Polling station officials sit behind a ballot box during a referendum on constitutional reforms in Dakar on March 20, 2016 ©Seyllou (AFP) |
Senegal has voted
overwhelmingly in favour of limiting presidential terms to five years, the
country's interior minister said Tuesday, after a weekend referendum widely
seen as a test of the president's popularity.
AFP
report continues:
Interior
minister Abdoulaye Daouda Diallo said that 62.9 percent voted "Yes"
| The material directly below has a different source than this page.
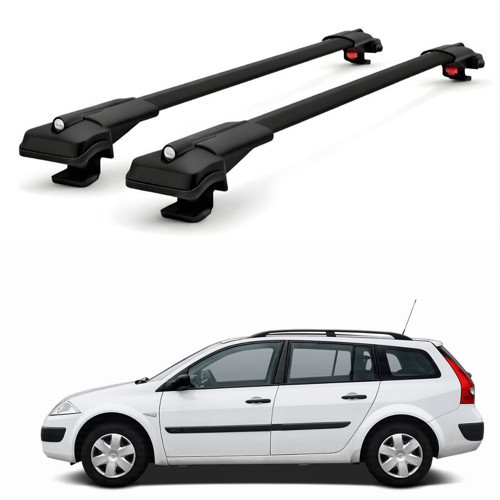 Renault Megane 2 SW 2003-2008 için Ara Atkı Tavan Barı , Araca Özel , Kilitlenebilir Araç Üstü Ekipman Taşıma Barı (2 Adet)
on constitutional reforms while 37.1 per cent voted against it.
Turnout
was 40.42 percent of eligible voters, he told a press conference.
The
official referendum results will be published on Friday by the country's
electoral commission and require constitutional court approval.
President
Macky Sall was elected in 2012 partly on a platform to reduce the presidential
mandate from seven years to five.
Sall
had said reducing his own mandate would set an example within Africa, where
many leaders cling to power beyond their allotted term.
But
Senegal's top court rejected his proposal in February, triggering the
referendum to allow the reforms to come into force once Sall leaves office.
Opposition
parties and several civil society groups urged a "No" vote, arguing
that Sall reneged on his promise to leave office early and criticizing the
referendum as a cop-out.
The referendum became a de
facto Yes/No vote on Sall's popularity, eclipsing more than a dozen other
proposed points of reform to the constitution.